Opinion
KUMAR, J.I. INTRODUCTION
On March 13, 2009, a notice to appear was issued to appellant pursuant to the automated traffic enforcement statutes (Veh. Code, §§ 21455.5-21455.7), alleging she failed to stop at a red signal light located at the intersection of Centinela Avenue and Beach Avenue in the City of Inglewood. Following a court trial wherein photographic evidence obtained from an automated traffic enforcement system (ATES) was admitted, appellant was convicted of failing to stop at a red signal light (Veh. Code, § 21453, subd. (a)).
Appellant presents the following contentions: (1) the photographs depicting the traffic violation were inadmissible because no foundation was established that the photographs were reasonable representations of what they were *Supp. 4alleged to portray, and they constituted hearsay; (2) the yellow light interval of the traffic light did not conform to the requirements of Vehicle Code section 21455.7; (3) the prosecution’s use of photographic evidence violated appellant’s Sixth Amendment right to confront witnesses; and (4) the prosecution failed to prove appellant was the driver depicted in the photographs.
In affirming the judgment, we acknowledge the Appellate Division of the Orange County Superior Court has held that claims similar to those addressed in part III.A. warrant reversal of the judgment. (People v. Khaled (2010) 186 Cal.App.4th Supp. 1 [113 Cal.Rptr.3d 796].) Specifically, Khaled held photographs from an ATES purporting to show the defendant driving through a red light were inadmissible because the testifying officer (1) was not a percipient witness and, therefore, could not establish that the photograph was a “ ‘ “reasonable representation of that which it is alleged to portray . . .” ’ [citation]”; or (2) could not, like a person who set up a “ ‘nanny cam,’ ” establish the time the camera was set to record and the method used to retrieve the photographs. (Id. at p. Supp. 5.) In addition, Khaled held the photographs constituted inadmissible hearsay in that they were not admissible business records (Evid. Code, § 1271) or official records (Evid. Code, § 1280). (Khaled, at pp. Supp. 6-9.)
We respectfully disagree with Khaled. As explained below, it is our view that photographs taken by an ATES may be admissible even if the testifying officer was not a percipient witness to the violation and was not personally responsible for setting up the camera. We conclude the accuracy of the photographs is subject to a rebuttable presumption pursuant to Evidence Code sections 1552, subdivision (a), and 1553. Moreover, apart from such a presumption, the photographs may be authenticated by a law enforcement officer who has knowledge about the methods used by the ATES to transmit the photographs to the officer’s law enforcement agency.
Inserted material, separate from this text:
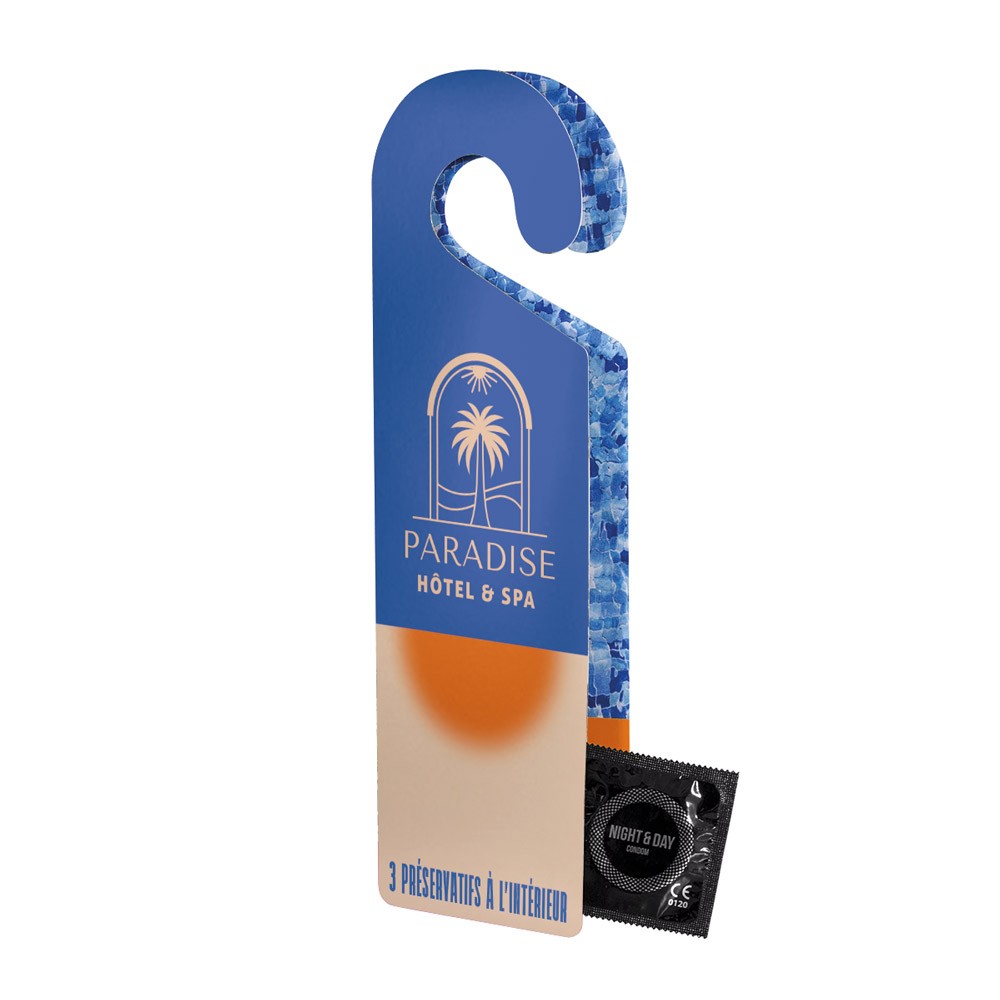 Dobbeltdørholder med 1 kondom indeni, ISO04074:2015 og CE0120 certificeret - Hasselager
Finally, the data and images on the photographs did not constitute hearsay because they did not amount to a “statement” from a human declarant.1
II. FACTS
Only one witness testified at trial—Investigator Dean Young of the Inglewood Police Department. Investigator Young was assigned to the Traffic Division, Red Light Camera Photo Enforcement. Based on more than six years of experience in this division, as well as the knowledge he acquired from city engineers and the company that maintained the ATES, he explained the issuance of the traffic citation as set forth below.
*Supp. 5The ATES located at the intersection of Centinela Avenue and Beach Avenue was implemented in September 2003. It is operated by the police department but maintained by Redflex Traffic Systems (Redflex).
On a monthly basis, Investigator Young visually inspects the traffic signal to ensure the duration of the yellow light interval complies with the minimum guidelines established by California’s Department of Transportation. On February 16, 2009, and March 16, 2009, he conducted timing checks of the traffic signal’s yellow light interval, which showed averages of 4.11 and 4.03 seconds respectively. These test results were “well above 3.9 as established by the Department of [Transportation] for [a 40-mile-per-hour] highway.”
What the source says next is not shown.